Both steps should run without any errors. Test and train data samples required to run this could be found in tests/ folder.

How to check that your submission is working as expected inside the docker container?

  1. Review docker-compose.train.yaml and docker-compose.test.yaml and make sure you understand how your folders with submission and data are mapped inside the container. If your train/val data or submission files are located in different directories, make changes in docker-compose file. To speed up initial debug, you could remove memory & cpu resource constraints.
  2. Run following: docker-compose -f docker-compose.train.yaml up. You can of course train your model without any docker container (read on that below), but using docker ensures that the environment in which you train it remains the same as in the Yandex.Contest. This prevents some errors, arising from the library version differences.
  3. Run following: docker-compose -f docker-compose.test.yaml up. During the execution you can track the CPU and Memory resources used with docker stats. If you exceed memory/cpu resources or time limit here, there is a good chance that your submission will fail to run when submitted to Yandex.Contest. Note that different CPU could run your solution for different amount of time, thus running time on your machine and Yandex.Contest will probably differ. Otherwise, if this executes succesfully (namely, the submission file is saved in generated_submissions/ folder), then it should work correctly when you send this archive to the Yandex.Contest.
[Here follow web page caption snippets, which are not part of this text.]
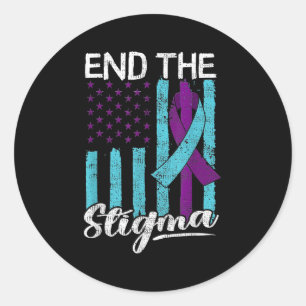 Suicide Awareness Suicide Prevention Suprt Survivo Classic Round Sticker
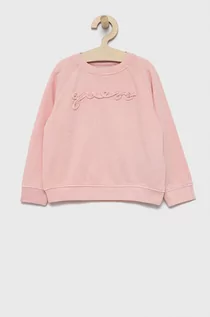 Bluzy damskie - Guess Bluza bawełniana dziecięca kolor różowy z aplikacją - grafika 1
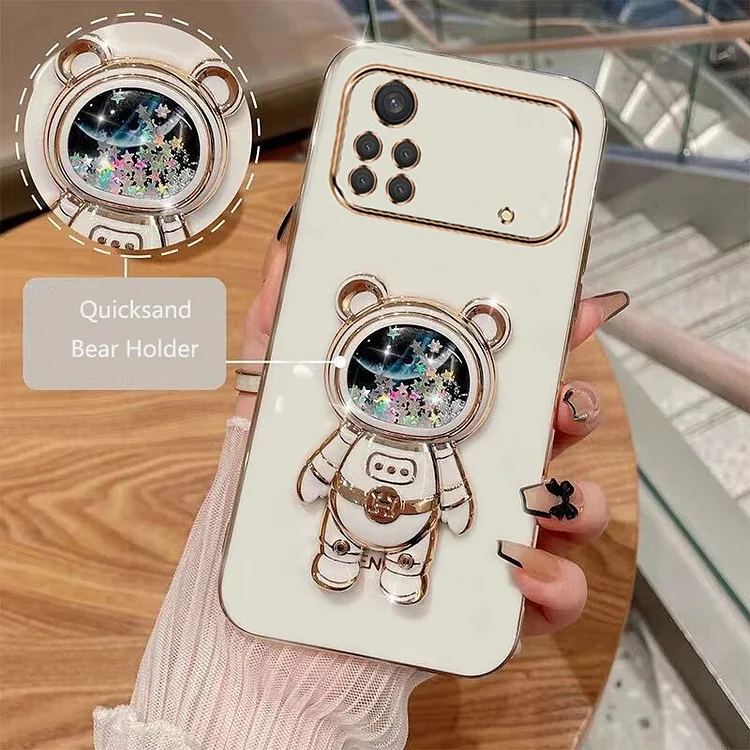 Cartoon Bear Fold Stand For Xiaomi Poco X4 Pro 5G Phone Case Luxury Plating Cover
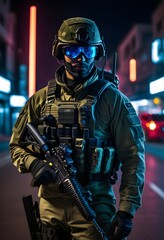 Futuristic soldier in street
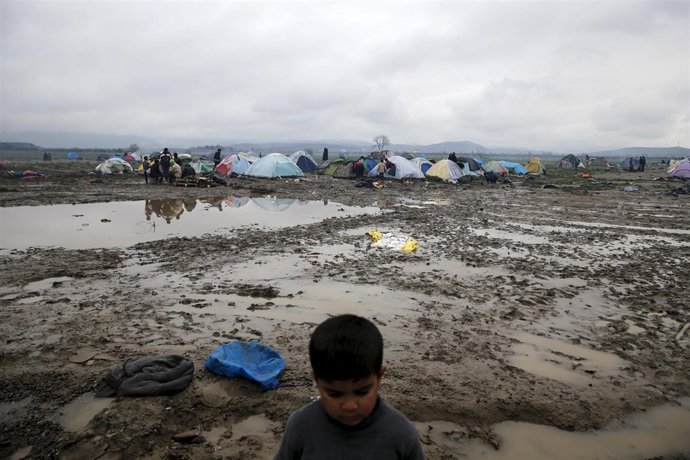 Campamento de refugiados de Idomeni, en Grecia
But still, because the test_data (which is not available to you directly, but only be provided for your submission in Yandex.Contest) could be different from the train_data, you could encounter other errors there. The obvious one would happen if you somehow expect the target column to be available in the test data. You could check the test data example in tests/test_data_sample folder - but the only difference in data schema are the missing target columns in the funnel.csv.
  4. Now you can use generated submission file to check if metric is calculated correctly. You can first split data to train and val parts and calculate the exact score on your validation part. Using the scorer.py script, for example:
    python scorer.py tests/y_true.csv tests/y_pred.csv
    

How to set up local virtual env to use it for model development?

You have at least two options here:

  1. You could build and run docker container, and develop your model inside it (for example, see VSCode tutorial to do that https://code.visualstudio.com/docs/remote/containers). You could start a container using:
    docker-compose -f docker-compose.train.yaml run app bash
    
  2. You could create new virtual env and install requirements.txt there. For this purpose you could any tool you like to manage virtual envs - for example: virtualenv, conda, pipenv, poetry.

Notes

  1. Note that you need to edit both train_model.py and generate_submission.py if you are making changes in one of them. For example, if you use LogisticRegression instead of SimpleModel while training, you need to do the same while testing. Thus, it is convenient to keep all model and data processing logic in SimpleModel.py.

  2. Note that a submission archive name is displayed in "Compilation log" (Лог компиляции). You could use that to identify which exact archive was sent in the particular submission. The other way around is to download your submission.

Issues

  1. Running the solution on Windows we encountered a bug when sometimes submission folder caches inside the docker image (which is not supposed to happen). In that case try to add --build flag to your docker-compose command.